Mozambique government plans to reduce deficit from 8% to 2.6% of GDP in three years
The chief economist of the Standard Bank has told Lusa that the Mozambican government needs to maintain strong budgetary discipline and warned that next year will be very important for the Mozambican economy.
“Next year will be very important from an economic point of view, especially since two major natural gas projects are expected to reach the Final Investment Decision phase, with an investment decision potential of $55 billion for a economy of $12.5 billion, so it is substantial,” Fáusio Mussa told Lusa.
In an interview with Lusa about the economic outlook for the country, the Standard Bank’s chief economist said, “these investments, if they go ahead, open up room for the country to substantially develop the energy potential that is natural gas,” and, “obviously this can make it possible to improve the government’s initiative to stabilise the economy, i.e. to ensure stable inflation and a stable exchange rate and create a basis for the economy to start growing at a fast pace.”

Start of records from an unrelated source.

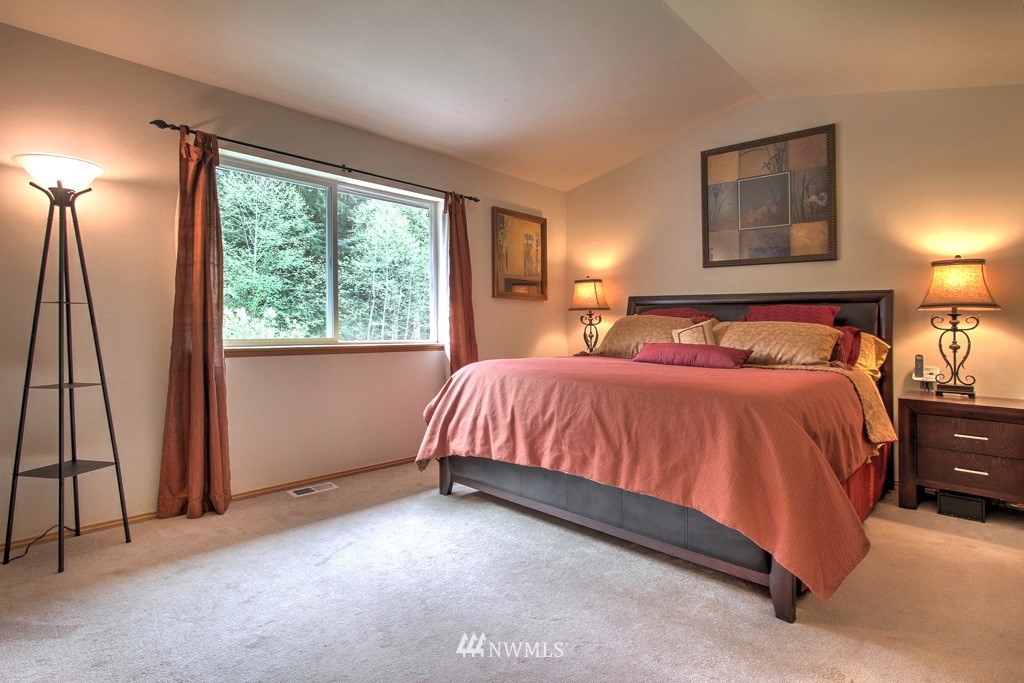 5609 Southeast 2nd Court Renton, WA 98059 - Photo 14 of 20 Gallery Image 14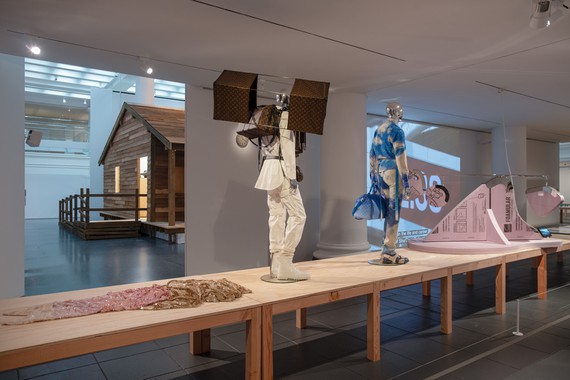 Installation view, Virgil Abloh: “Figures of Speech”, Brooklyn Museum, New York, July 1, 2022–January 29, 2023. Artwork ©︎ Virgil Abloh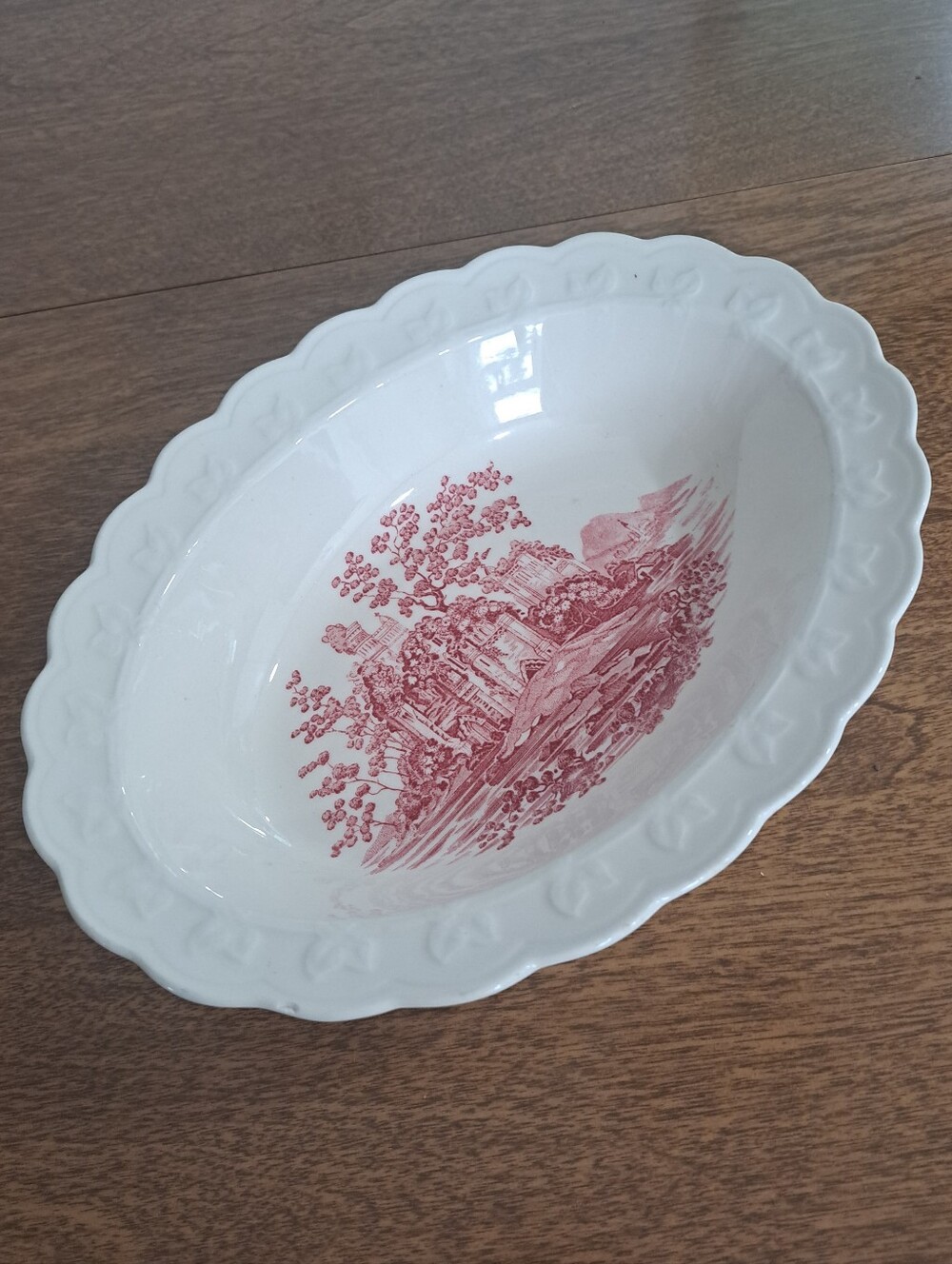 TS&T Serving Bowl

He also noted that debt renegotiation is a key issue for Mozambique, not only because of international credibility, but also because of the fiscal space that it opens up for investments in projects that help accelrate the country’s economy.
“Beyond these two factors [debt renegotiation and the Final Investment Decision], what we can deduce from the decision to keep the interest rate unchanged is that strong fiscal discipline must be maintained, no matter what happens in the renegotiation of debt or in natural gas projects,” Mussa argued.
The Mozambican government, he said, “has to keep the budget deficit under control to allow some level of consolidation,” despite the fact that next year is an election year and, traditionally, public spending increases.
“I believe that, obviously, as an election year, there will be pressure in that respect from a budgetary point of view, but at the same time I notice that there has been a great effort made, including in the State Budget itself, to keep a check on these variables,” concluded the Standard Bank’s chief economist in Maputo.